Иначе пишут о деревне С. Подъячев и И. Вольнов, которые сами прошли страшный дописательский путь. Их произведения не поднялись до высот большого мастерства, зачастую над ними довлел художественно не обработанный жизненный материал, но оба показали мрачную и нищую деревню, воспринятую глазами крестьянина. И это создавало в их творчестве особый эстетический эффект. «Дорога, по которой я нес и сейчас несу свой писательский крест, скоро, кажется, кончится, – писал впоследствии Подъячев. – Дорога тяжелая, грязная, плелась все больше по сплошному темному лесу, и мне страшно оглянуться назад, страшно думать, как я ощупью, натыкаясь на деревья, спотыкаясь и увязая в грязи, шел по ней устойчиво и упрямо, думая только о том, как бы выйти, выбраться из темноты леса, – на волю, на простор, на свет божий. Если писать о том, как я шел этой дорогой, то получится книга, которую можно озаглавить одним словом „Жуть“».[942]
Литературные выступления Подъячева обратили на себя внимание еще в первое десятилетие XX в. В них были факты, факты, факты, а за ними будничность повседневной жестокости, непросветленность сознания, безысходная нищета.
В рассказе «За грибками, за ягодками» (1916) изображена ситуация, давно знакомая русской литературе: интеллигент приезжает в деревню – и между его сознанием и сознанием крестьянина открывается бездна. Но теперь эта коллизия воспринята не интеллигентом, а самим мужиком. Привычная «мужицкая темнота» заменяется «темнотою» барской: обнаруживается бестактность либерального интеллигента, который не представляет себе всей меры крестьянской нищеты и не понимает, что значит для хозяйки яичница, которой она его угощает, и что такое для хозяина в горячую страду время, которое он тратит на беседу с непрошеным гостем. За всеми рассуждениями «барина» встают праздность, раздражающая крестьян наивность и в конечном счете глубочайшее равнодушие к ним. У крестьянина умирает ребенок, барину перестали уделять внимание, и он уезжает; идиллическая поездка «за грибками, за ягодками» не удалась.
Сила рассказа в его сдержанном тоне: ни обличений, ни патетики, ни сарказма, – будничность, но такая жестокая.
Столь же сдержанна повесть Подъячева «Карьера Захара Федоровича Дрыкалина» (1915), написанная в форме сказа. Хозяин чайной назидательно рассказывает о том, как он «выбился» из крестьян в люди: ухаживал за собачками полоумной барыни, втерся к ней в доверие и ограбил ее.

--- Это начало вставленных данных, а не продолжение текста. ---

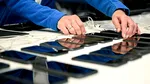 Operațiune uriașă în 19 țări, inclusiv România. Telefoane folosite ar fi fost ambalate și vândute ca noi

Автор счастливо избежал заложенной в природе сказа опасности стилизации и утрировки. Как будто между прочим говорится о том, что Захар Федорович становится столпом государства, церкви и оплотом политической реакции: «Староста я церковный. Земский начальник руку подает… Его сиятельство, старый граф, без слез меня слушать не могут. Медаль имею, значок русского союза».[943]